第15話 軍師の推察
ㅤしゅーとさんと二人で交番の近くまで歩いて行くと、ちょうど話を聞きたいと思っていたお巡りさんが交番の前に立っていて、こちらに歩み寄って来た。
「お待ちしていましたよ。勇者殿」
「勇者どのぉ?」
ㅤ真っ先にしゅーとさんがその言葉に反応したけど、呼びかけられているのはたぶんぼくだよな。なんか恥ずかしい。そして言葉を返す間もなくお巡りさんの言葉が続く。

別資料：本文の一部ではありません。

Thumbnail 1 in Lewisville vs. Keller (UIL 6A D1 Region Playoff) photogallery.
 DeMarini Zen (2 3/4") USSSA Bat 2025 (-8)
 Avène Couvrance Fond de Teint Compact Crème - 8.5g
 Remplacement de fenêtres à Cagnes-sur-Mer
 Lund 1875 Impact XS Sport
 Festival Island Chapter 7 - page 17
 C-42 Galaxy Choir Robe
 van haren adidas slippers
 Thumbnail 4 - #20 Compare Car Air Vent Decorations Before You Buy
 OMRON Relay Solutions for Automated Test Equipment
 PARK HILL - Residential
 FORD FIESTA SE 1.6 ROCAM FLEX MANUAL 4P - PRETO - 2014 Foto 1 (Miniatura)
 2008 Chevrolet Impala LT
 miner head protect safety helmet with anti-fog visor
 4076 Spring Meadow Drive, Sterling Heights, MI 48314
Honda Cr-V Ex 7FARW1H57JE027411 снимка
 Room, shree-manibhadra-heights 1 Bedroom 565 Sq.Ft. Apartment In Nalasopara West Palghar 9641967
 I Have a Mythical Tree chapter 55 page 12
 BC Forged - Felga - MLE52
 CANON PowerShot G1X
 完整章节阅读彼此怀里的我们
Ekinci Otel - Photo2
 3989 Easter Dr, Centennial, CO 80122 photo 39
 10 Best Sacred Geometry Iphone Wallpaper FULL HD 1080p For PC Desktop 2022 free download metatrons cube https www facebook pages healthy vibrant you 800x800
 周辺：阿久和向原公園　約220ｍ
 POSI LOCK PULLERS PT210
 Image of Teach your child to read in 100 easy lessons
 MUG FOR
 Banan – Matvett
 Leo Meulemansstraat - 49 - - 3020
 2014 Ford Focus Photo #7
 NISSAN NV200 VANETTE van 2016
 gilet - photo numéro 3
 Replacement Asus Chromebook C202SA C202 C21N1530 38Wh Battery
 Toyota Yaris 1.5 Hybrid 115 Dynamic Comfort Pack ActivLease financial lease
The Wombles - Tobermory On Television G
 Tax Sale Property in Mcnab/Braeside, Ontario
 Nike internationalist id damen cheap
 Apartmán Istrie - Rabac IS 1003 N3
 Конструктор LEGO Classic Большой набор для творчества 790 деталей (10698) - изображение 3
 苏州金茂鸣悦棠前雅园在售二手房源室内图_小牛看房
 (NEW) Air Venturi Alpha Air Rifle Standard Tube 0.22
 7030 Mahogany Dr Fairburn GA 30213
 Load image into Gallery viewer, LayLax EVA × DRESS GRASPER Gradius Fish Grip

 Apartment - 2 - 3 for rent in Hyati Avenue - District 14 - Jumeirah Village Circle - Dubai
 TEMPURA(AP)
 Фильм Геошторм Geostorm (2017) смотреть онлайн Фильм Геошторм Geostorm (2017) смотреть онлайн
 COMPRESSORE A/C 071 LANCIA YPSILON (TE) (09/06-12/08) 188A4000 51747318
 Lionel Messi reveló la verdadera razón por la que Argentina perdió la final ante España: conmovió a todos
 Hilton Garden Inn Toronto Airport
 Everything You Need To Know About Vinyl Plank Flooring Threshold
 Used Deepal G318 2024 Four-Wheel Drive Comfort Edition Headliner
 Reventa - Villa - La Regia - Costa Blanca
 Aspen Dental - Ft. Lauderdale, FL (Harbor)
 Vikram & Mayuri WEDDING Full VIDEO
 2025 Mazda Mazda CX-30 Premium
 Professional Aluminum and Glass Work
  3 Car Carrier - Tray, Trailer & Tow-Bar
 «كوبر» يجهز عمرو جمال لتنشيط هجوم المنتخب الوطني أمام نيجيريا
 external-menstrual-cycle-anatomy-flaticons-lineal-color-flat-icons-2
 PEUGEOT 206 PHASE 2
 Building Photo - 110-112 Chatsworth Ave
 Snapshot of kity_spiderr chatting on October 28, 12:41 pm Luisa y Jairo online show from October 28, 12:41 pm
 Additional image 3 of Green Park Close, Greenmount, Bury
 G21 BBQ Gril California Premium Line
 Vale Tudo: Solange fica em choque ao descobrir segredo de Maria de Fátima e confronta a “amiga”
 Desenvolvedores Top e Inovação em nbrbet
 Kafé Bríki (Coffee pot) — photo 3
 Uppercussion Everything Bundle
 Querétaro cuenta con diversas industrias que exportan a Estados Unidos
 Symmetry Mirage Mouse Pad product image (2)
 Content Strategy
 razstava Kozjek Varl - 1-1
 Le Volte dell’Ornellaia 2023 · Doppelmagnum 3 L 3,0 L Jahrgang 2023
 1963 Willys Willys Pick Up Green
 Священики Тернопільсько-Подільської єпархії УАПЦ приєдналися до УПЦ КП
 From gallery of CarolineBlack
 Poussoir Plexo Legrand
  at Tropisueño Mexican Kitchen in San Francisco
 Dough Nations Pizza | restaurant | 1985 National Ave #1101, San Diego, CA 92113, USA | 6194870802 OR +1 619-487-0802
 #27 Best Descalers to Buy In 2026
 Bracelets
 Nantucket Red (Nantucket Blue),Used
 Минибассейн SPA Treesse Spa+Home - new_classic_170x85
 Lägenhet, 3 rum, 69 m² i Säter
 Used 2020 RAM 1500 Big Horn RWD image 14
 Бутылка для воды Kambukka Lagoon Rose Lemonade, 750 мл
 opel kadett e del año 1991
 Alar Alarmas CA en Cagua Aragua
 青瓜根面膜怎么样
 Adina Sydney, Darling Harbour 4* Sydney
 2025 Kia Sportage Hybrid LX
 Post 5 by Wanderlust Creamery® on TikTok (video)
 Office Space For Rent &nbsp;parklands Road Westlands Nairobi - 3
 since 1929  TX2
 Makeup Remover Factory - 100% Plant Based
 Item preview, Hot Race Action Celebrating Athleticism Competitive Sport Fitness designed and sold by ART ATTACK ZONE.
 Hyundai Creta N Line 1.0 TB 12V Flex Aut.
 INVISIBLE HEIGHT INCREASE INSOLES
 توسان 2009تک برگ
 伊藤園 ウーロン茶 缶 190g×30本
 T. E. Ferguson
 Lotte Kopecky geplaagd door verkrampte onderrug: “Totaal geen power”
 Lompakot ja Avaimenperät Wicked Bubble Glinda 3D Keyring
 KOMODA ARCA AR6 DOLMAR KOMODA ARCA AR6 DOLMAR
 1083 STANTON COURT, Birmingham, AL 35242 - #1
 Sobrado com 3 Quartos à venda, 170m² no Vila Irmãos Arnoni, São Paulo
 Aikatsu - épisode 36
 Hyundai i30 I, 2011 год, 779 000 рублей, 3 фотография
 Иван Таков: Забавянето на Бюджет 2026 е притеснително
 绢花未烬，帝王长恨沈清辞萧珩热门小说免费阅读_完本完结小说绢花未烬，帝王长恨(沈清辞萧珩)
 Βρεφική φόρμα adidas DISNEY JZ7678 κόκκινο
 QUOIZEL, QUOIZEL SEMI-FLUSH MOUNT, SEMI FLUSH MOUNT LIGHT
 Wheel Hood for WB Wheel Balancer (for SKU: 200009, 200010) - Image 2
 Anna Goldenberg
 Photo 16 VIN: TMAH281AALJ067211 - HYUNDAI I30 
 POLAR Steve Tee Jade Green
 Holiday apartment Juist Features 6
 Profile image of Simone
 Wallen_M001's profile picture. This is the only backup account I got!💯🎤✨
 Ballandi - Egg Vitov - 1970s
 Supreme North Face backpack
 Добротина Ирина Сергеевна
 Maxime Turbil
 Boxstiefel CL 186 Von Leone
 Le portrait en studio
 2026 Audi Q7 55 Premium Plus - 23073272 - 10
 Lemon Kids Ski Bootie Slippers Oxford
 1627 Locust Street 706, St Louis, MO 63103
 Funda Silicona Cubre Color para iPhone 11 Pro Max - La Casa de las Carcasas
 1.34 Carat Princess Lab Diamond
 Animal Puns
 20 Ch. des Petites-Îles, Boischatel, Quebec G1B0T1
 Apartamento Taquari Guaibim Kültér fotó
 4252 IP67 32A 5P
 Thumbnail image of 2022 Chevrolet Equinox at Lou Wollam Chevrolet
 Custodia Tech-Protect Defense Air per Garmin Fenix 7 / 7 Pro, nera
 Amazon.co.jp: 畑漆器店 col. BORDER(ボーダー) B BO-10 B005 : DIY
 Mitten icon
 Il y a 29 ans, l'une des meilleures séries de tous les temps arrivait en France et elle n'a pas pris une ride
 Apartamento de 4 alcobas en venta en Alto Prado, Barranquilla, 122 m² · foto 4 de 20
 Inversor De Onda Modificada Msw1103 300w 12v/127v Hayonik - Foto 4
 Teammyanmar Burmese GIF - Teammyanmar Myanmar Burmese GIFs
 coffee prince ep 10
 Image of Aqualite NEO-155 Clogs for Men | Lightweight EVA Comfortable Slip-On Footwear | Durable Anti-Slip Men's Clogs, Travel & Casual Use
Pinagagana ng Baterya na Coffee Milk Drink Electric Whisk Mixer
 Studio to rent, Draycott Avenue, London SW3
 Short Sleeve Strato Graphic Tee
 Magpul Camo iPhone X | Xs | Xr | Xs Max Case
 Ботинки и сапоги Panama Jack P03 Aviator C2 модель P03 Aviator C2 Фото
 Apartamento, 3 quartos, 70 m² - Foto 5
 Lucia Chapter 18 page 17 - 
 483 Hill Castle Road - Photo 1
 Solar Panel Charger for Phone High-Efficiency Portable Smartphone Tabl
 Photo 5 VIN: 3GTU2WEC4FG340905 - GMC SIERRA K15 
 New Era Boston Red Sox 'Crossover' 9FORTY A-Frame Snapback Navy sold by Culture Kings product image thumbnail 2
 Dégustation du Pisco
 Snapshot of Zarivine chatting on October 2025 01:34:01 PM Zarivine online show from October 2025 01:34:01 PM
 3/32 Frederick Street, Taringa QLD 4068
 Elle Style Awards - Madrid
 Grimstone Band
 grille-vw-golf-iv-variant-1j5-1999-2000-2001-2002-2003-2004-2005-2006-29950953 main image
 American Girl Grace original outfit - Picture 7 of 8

「あれから考えてみたのですよ。囚われのあきひめ様のことを真っ先に考えるあなたが勇者で、私はそれを支える参謀あるいは軍師ではないかと。ところでこちらの方は」
「おれは安藤蹴入。訳あって今はコンビニ強盗だ」
「な、なんと。勇者殿、これはどういう」
「いさむでいいです。それからしゅーとさん、そんな正直に言わなくていいです」
「正直、ということは、本当にコンビニ強盗なのですか?」
ㅤ
ㅤ怪訝な目でしゅーとさんを見るお巡りさん。それに対し、しゅーとさんは。
「ああ。正確にはコンビニ強盗未遂だ。けど今捕まるわけにはいかねぇ。弟を助けるまでは!」
「何か訳がおありのようですね。いいでしょう、やはり今はこの世界の平和が先決。少々のことは見過ごすことにしましょう!」
ㅤありがたいけど大丈夫か、この会話。それも交番の前で。お巡りさん相手に。というかこの場合お巡りさんの方が変か。それはともかく早く本題に進みたい。
「今日は前の話の続きを聞きに来たんですが」
「ああ、はい、そうでしたね、お待ちしていましたよ。ようやくになりましたが、警察だからというだけでなく、どこか軍師感強めな私の推察を聞きたいのですよね。どうでしょう中で紅茶を」
→いえ、ここで結構ですので早く
ㅤそんな時間はないので早く
ㅤよくわからないけどぶっ飛ばすぞ
「そうですか。ではお話ししましょう。私は元々、いさむ殿もご存知のように、マザーコンピータのことが気がかりで、あきひめ様のことは二の次に考えてしまっていました」
ㅤお巡りさんは今、手に何も持っていないのに、紅茶をすするような仕草を挟んで、推察を続ける。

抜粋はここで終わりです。